Hierarchical module naming scheme

Starting with the Aurora service and continuing with COSMOS, LUNARC uses a hierarchical module naming scheme. Hierarchical modules ensure that the correct shared libraries are available when running an application while keeping the screen output of standard module commands such as module avail manageable.

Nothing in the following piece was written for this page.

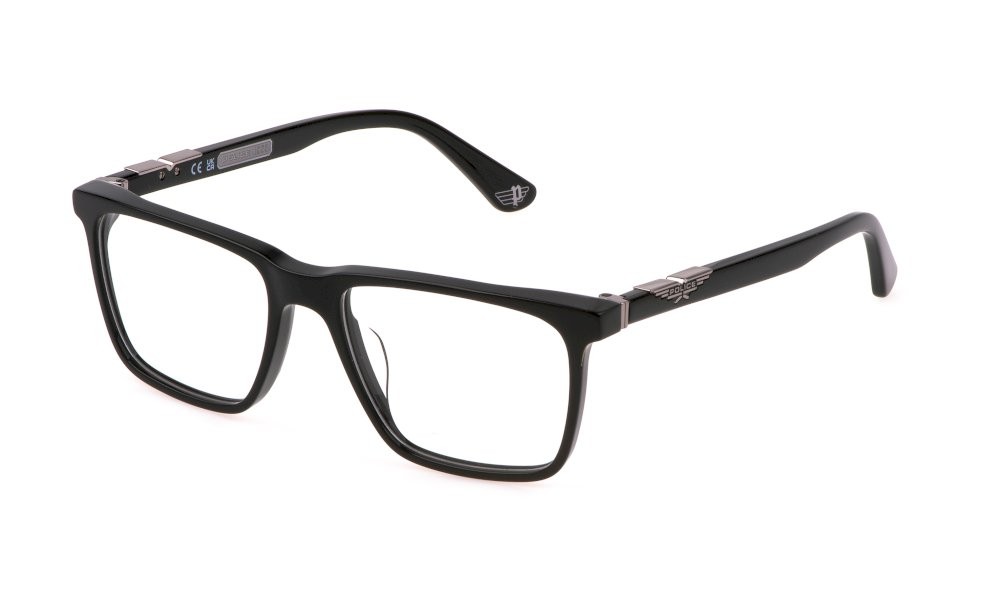 Brillen Police Origins 59 VPLL71 (700Y) farbe nero lucido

Hierarchical naming scheme concept

When logging into the system, you only get access to those modules that do not require any special dynamic libraries. After loading a compiler module you obtain access to those packages that have been built with that specific compiler and depend on its shared libraries. For many compilers, this will include one or more matching MPI libraries. After loading an MPI library additional software packages, depending on this pair (compiler & MPI library), will become available. Users should take note that in many cases loading an MPI library is required for software that doesn't depend on it.

Using Modules

The module system uses the Lua-based Lmod software.

Loading packages

The command

module avail

shows the modules that can currently be accessed. The output will look similar to

--------------------------------- /sw/Modules/modulefiles/Core ---------------------------------

-------------------------------- /sw/easybuild/modules/all/Core --------------------------------
   Bison/3.0.4                    gompi/2015b
   EasyBuild/2.5.0                gompi/2016a                        (D)
   EasyBuild/2.6.0         (D)    icc/2015.3.187-GNU-4.9.3-2.25
   GCC/4.9.3-binutils-2.25        icc/2016.1.150-GCC-4.9.3-2.25      (D)
   GCC/4.9.3-2.25                 iccifort/2015.3.187-GNU-4.9.3-2.25
   GCC/5.3.0               (D)    iccifort/2016.1.150-GCC-4.9.3-2.25 (D)
   GCCcore/4.9.3                  ifort/2015.3.187-GNU-4.9.3-2.25
   GNU/4.9.3-2.25                 ifort/2016.1.150-GCC-4.9.3-2.25    (D)
   Java/1.8.0_72                  iimpi/7.3.5-GNU-4.9.3-2.25
   M4/1.4.17                      iimpi/2016.01-GCC-4.9.3-2.25       (D)
   binutils/2.25                  intel/2015b
   flex/2.5.39                    intel/2016a
   foss/2015b                     intel/2016.01                      (D)
   foss/2016a              (D)    zlib/1.2.8

-------------------------------- /sw/lmod/lmod/modulefiles/Core --------------------------------
   lmod/6.0.24    settarg/6.0.24

In this example, you can see modules and versions located in 3 directories. Any of these modules can be accessed directly. To obtain access to the software inside e.g. the toolchain module foss/2016a one loads the module by issuing

module load foss/2016a

Many modules will load several modules, which they depend on. As the output from module avail version 2016a is marked as the default version, the command

module load foss
would have the same effect unless the default changes, which it may do, if

  • You load a module
  • The LUNARC team installs another version of the software

So if you require a specific version, the LUNARC team strongly recommends not relying on defaults, but explicitly specify the version you are after.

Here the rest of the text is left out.